The weekend box office results are in and the message from audiences is resounding and clear: Critics be damned! Eddie Murphy’s Norbit — one of the worst-reviewed movies in recent memory — easily took first place with $33.7 million, the biggest opening of 2007. Arriving on the heels of Murphy’s first Oscar nomination (for Dreamgirls), Norbit exceeded expectations, tallying a strong $10,759 per-theater average; it is the 14th No. 1 debut of the comedy titan’s storied quarter-century career.
Yet despite all that, my goodness, some people hated this film. I mean, they loathed it. Lurrrrthed it. Norbit’s 27 out of 100 score on Metacritic.com is nearly the worst among current releases. Even audiences, which were split almost evenly between men and women and young and old, didn’t seem particularly amused: Norbit got an unstellar B CinemaScore rating. So how will all this affect the funny flick’s long-term prospects? Probably not so much. After all, if negative notices ever were going to deter people from plunking down their hard-earned cash to see this movie, they already would have. But, it seems, Norbit fills a certain critic-proof-ultra-broad-family-comedy-with-appeal-across-all-demographics slot at the multiplex, thanks to the slow departure of Night at the Museum (which finished at No. 5 this week, with $5.8 mil). And it’ll face no similar competition for at least the next month.
Gobbled up, then, was Hannibal Rising, which earned $13.4 mil to come in a distant second. That’s by far the worst debut of a Silence of the Lambs follow-up, and it comes courtesy of a shrugging audience that was, interestingly, just about three quarters over the age of 25. In other words, with Hannibal Lecter’s popularity among younger viewers on the decline, this very well could be the last movie made about him, no matter what they say.
Tumbling down the list and rounding out the top five — as, by the way, EW.com’s box office savant accurately predicted — were the romantic comedy Because I Said So (No. 3, with $9 mil on a moderate 31 percent drop, courtesy of women moviegoers) and the horror flick The Messengers (No. 4, with $7.2 mil on a steep 51 percent decline). Meanwhile, bowing in just nine locations, the German-language Oscar nominee The Lives of Others was the art house winner, averaging a solid $24,777.

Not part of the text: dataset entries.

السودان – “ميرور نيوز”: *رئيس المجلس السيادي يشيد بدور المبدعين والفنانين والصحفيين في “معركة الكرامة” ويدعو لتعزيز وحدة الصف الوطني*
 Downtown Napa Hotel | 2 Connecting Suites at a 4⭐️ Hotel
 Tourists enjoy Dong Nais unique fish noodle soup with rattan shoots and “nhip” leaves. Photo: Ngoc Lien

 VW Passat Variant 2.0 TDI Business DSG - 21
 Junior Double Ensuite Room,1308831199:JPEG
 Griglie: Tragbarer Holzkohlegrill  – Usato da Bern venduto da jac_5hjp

But that silver lining is overshadowed by an ominous cloud slowly moving over the horizon. Including this one, every weekend of 2007 has been down compared to the comparable period from a year ago, and, overall, 2007 is already trailing 2006 by four percent. Moreover, reports straight talker Paul at Media By Numbers, actual attendance is off six percent so far this year. How unsettling! Especially since movieland bounced back from the legendarily dreadful 2005 with a solid 2006. So what happened? Did Hollywood get caught flat-footed while patting itself on the back for last year’s big turnaround? Have we just had a foul concoction of crappy early-year releases and weaker-than-expected Oscar contenders? Am I just being unnecessarily alarmist here? Hopefully, the coming weeks will bring us some answers — I say we keep an eye out.